"There's something about Guatemala," Miranda Pope writes, "absolute beauty, and human warmth and dignity, along with poverty and trash, and the arduous, still-remaining vestiges of Guatemala's past." This is the setting of "Heart Of The Sky" ($15.99 in paperback from lulu.com), a land of contradictions against which a love story of contradictions plays itself out.

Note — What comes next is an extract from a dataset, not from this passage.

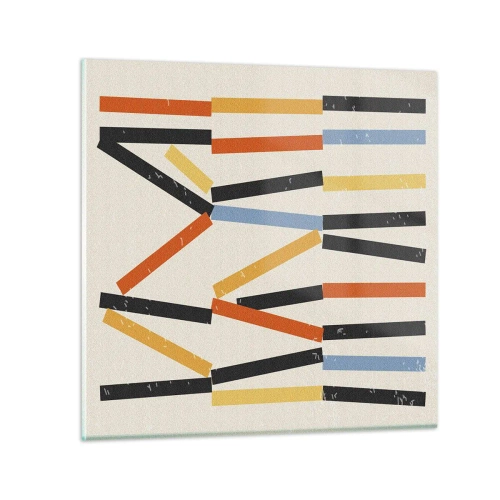 Glass picture - Horizontal Composition - 70x70 cm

The author (aka Mira Talbott-Pope) writes me a quick note that she's been a "Chico/Cohasset resident for 30+ years and worked in social work and psychotherapy. Have been living in Guatemala for 3 years, currently at Lago Atitlan, volunteering in education. I have several projects (traditional murals, a preschool classroom) that I support there, and have given several benefits for same in Chico over the past number of years." The novel's central figure is really the country itself.
But there's a human story, too. Marilyn has come to Guatemala to volunteer in the schools; the trip was "a gift for her 50th birthday" from her son, something to pull "her out of the grieving period following her husband's sudden death." (She had divorced her first husband.) Marilyn falls in love with the place and, as a former therapist from California, finds her heart deeply moved by the needs of the poor and the continuing effects of the Guatemalan civil war; she laments the part played by U.S. intervention.

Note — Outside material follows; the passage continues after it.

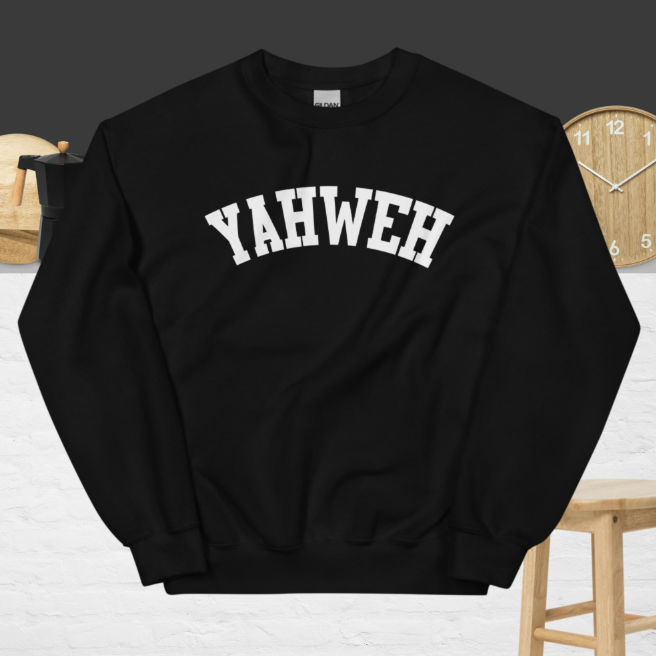 European And American Letters Printed Crew Neck Sweatshirt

Then Marilyn meets Juan Carlos, muscular, perhaps in his mid-thirties, "a traditional Mayan farmer, yet knowledgeable about the outside world--a sensitive, thoughtful person. She senses the physical attraction she has felt all along expanding to something deeper. Embarrassed by the length of their gaze, her eyes drop."
The spark is kindled, and soon Marilyn is living with Juan Carlos and his family (his wife has left him) on his farm. Though the story weaves together the little joys of daily life and the affections of Juan Carlos, both Marilyn's feminism and Juan Carlos' traditionalism are constantly tested. "Certainly women have a right to enjoy sex and to have some say when it occurs," she tells her friend Natalie. "But I think there needs to be some balance between individuality and common goals."
Juan Carlos must open to a hidden past. And Marilyn? "Guatemala opened her heart."